## Work to complete
Using the listing below, retype only the lines from the line with "Vegan fish and" through the end, both ends included, and exclude the pictures.

## Extracted information
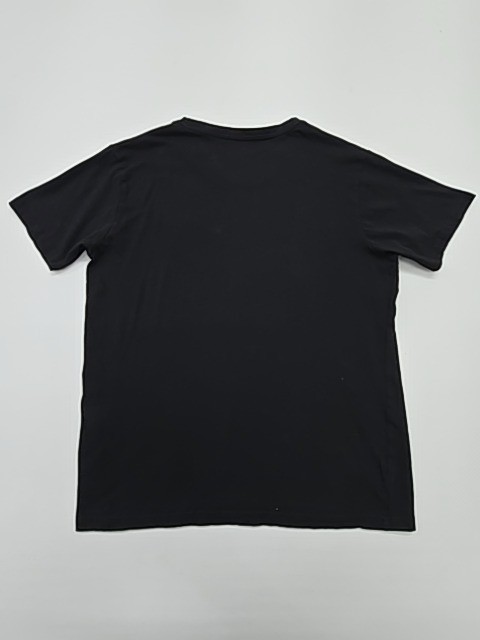 Le Capipe Mens T-Shirt Black Logo Size L Regular Cotton Crew Neck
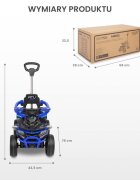 Toyz by Caretero ATV Ride On fara pedale Toyz Movix Blue cu maner parentalbara de protectie detasabilaefecte sonore si luminoaserecomandat de la 24 luni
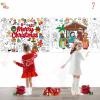 AUGSUN 2 PCS Giant Christmas Coloring Posters, Nativity Large Coloring Poster, Xmas Jumbo Paper Tablecloth Sheets for Kids Christmas Holiday Activities School Party Favors Gift view 1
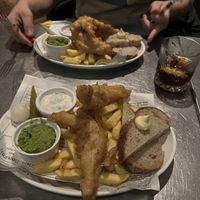 Vegan fish and chips at The Bothy in Edinburgh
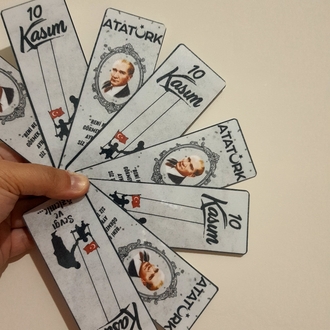KİTAP AYRACI - 10 KASIM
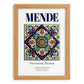 Mende, France – Retro Travel Poster, set in oak frame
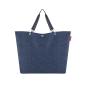 Preview: shopper XL by reisenthel herringbone dark blue ZU4113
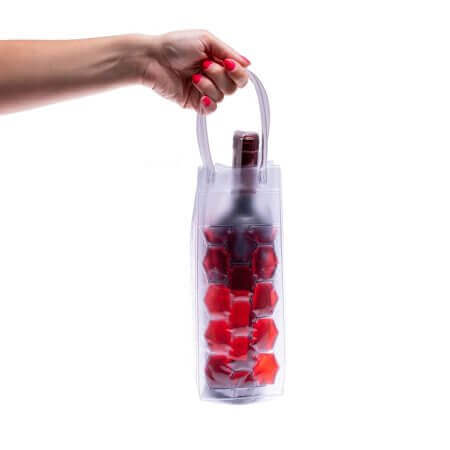Gelinis butelių atšaldymo krepšelis - Raudonas
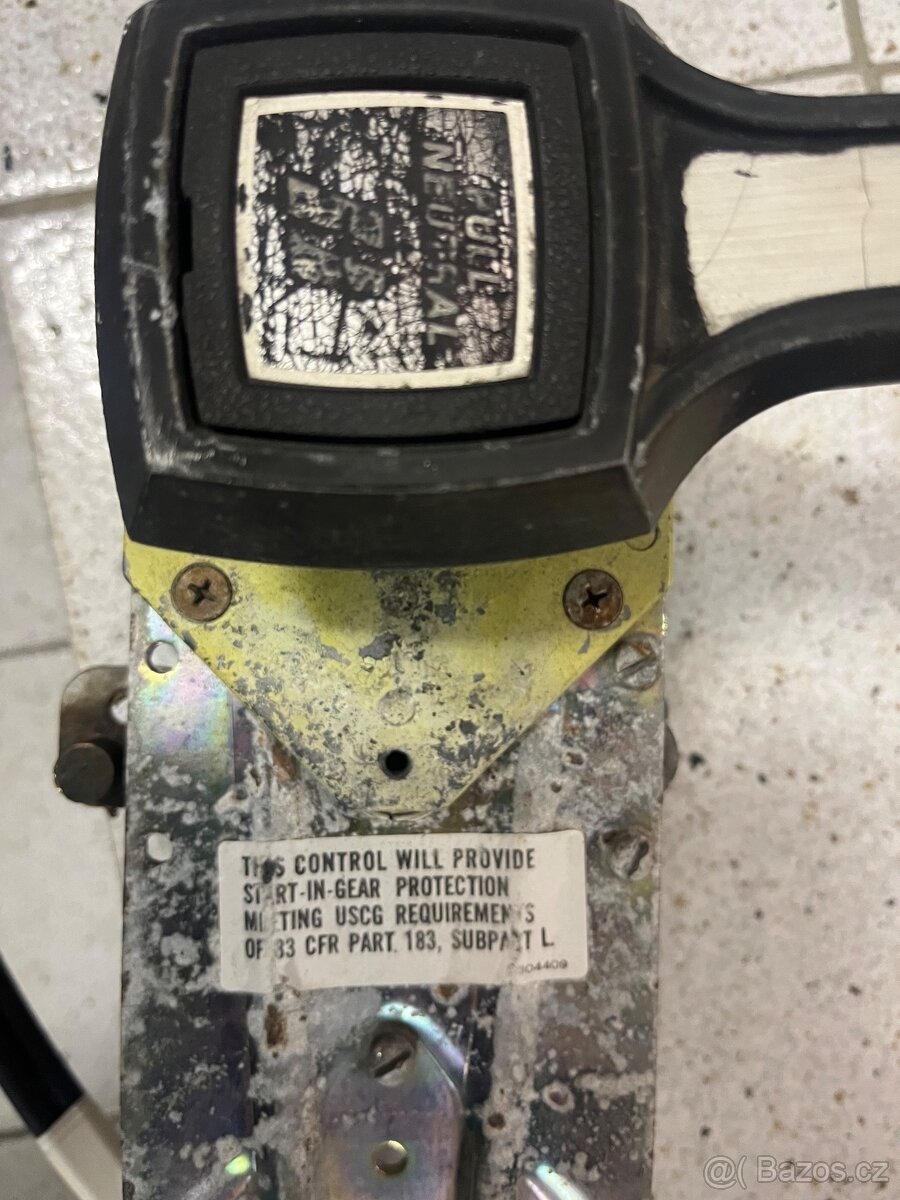 Dálkové ovládání lodního motoru bovdeny &komander - 2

## Solution to this exercise
 Vegan fish and chips at The Bothy in Edinburgh
KİTAP AYRACI - 10 KASIM
 Mende, France – Retro Travel Poster, set in oak frame
 Preview: shopper XL by reisenthel herringbone dark blue ZU4113
Gelinis butelių atšaldymo krepšelis - Raudonas
 Dálkové ovládání lodního motoru bovdeny &komander - 2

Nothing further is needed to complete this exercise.